Pero describamos un poco la historia que desde sus entretelones de 1998 ha culminado con el infame fallo de 2009.

Calducho tuvo una gestación  de obra mayor: diez años de escritura propiamente tal, con seis cuadernos de cuatrocientas páginas c/u,  pero su “período de incubación”  fue de al menos treinta años. Ya en los 50 había concebido al proyecto de una novela infinita y total e incluso escribí largos fragmentos (la mayoría perdidos) pero ellos más bien pertenecen al texto que después proyecté como secuela de C, o sea En una niebla.

Estaba claro para mí que la primera parte debía cubrir los años de la adolescencia especialmente en el Instituto Nacional. Desde el principio su escritura tuvo este carácter de speculum mundi, ambicioso proyecto para un escritor también adolescente.

Pese a todo lo que considero indispensable decir aquí, y a lo mucho más que todavía podría decirse, debo gratitud a Planeta y muy especialmente a su gestor CO, porque por lo menos ello permitió que existiera como un libro real y no como un manuscrito gigante.

Dicho esto, es inevitable decir también que Planeta y sus ejecutivos actuaron en bloque como un padre desnaturalizado con su libro editado, un Saturno papelero que no tuvo escrúpulos en devorar a su propio hijo, si es que la  desaforada metáfora/parábola tiene algún sentido. 

Es extraño e incongruente que un libro calificado como “caro” en el momento de su publicación ($15.000) y “difícil” por su dimensión (a pesar de que otros autores publicaban y promovían sin problemas sus “ladrillos” y recibían un trato de respeto por parte de los editores) una vez en librerías haya sufrido un alucinante desprecio y ninguneo, incluso una actitud  negativa respecto de comercializarlo, como si la novela fuese un elemento tabú.

El episodio más increíble de todos ocurrió en la Feria del Libro de Santiago en octubre de 1998, el principal evento literario y comercial de Chile, donde caía “de cajón” que la presencia de una novela de la envergadura y características de C, merecía que la editorial le hubiera reservado un lugar destacado y ella y su autor tenían capacidad suficiente para ofrecer un más que atractivo evento para la concurrencia.

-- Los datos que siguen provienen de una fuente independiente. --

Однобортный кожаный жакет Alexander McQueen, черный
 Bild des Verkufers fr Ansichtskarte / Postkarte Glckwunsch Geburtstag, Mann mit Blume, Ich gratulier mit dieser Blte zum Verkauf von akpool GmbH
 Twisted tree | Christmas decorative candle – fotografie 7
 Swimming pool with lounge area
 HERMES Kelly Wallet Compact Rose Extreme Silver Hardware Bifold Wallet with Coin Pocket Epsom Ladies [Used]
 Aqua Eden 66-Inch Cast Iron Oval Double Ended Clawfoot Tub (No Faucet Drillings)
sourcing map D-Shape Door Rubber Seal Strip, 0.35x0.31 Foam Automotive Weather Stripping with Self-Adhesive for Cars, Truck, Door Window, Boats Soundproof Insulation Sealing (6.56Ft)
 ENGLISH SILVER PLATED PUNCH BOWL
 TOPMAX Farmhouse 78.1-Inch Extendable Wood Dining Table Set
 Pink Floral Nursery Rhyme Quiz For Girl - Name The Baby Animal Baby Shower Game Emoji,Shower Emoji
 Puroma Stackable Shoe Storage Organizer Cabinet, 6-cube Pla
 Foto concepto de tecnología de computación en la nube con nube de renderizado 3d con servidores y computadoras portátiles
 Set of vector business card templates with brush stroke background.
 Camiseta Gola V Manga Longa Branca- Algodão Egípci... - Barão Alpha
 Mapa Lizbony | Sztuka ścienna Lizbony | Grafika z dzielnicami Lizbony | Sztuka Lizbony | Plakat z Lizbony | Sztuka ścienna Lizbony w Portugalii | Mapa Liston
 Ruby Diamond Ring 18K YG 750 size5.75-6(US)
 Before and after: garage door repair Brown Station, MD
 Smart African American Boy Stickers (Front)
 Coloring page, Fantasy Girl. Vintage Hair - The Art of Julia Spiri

Todo esto se trató con Orellana y pese a su actitud ambigua y reticente (seguramente motivada por lo que él sabía pero no podía ni quería decirme), decidí gestionar en mi universidad Cal-Poly en California el permiso necesario para asistir a la feria, cosa que me fue concedida de inmediato, porque en este sentido los norteamericanos son muy responsables y comprendieron que era un compromiso único por estar el libro recién en librerías.

Ni ellos ni yo podrían haber pensado el alucinante cariz que iba a tomar mi participación en ese evento.

Al llegar a la Feria, el día pactado con Planeta para mi “aparición”, me llevé una mayúscula sorpresa, muy desagradable por decir lo menos. Junto al stand de Planeta estaban puestas las mesas para los escritores que firmaban libros, con sus respectivos posters de gran tamaño y había ya algunas de las estrellitas que Orellana menciona en sus memorias, instalados y vendiendo sus obras, bajo la sombra protectora de sus portadas a todo color.

Sorprendido de que no había nada reservado para mí y C, me acerqué al stand buscando algún responsable, pero no logré explicación alguna.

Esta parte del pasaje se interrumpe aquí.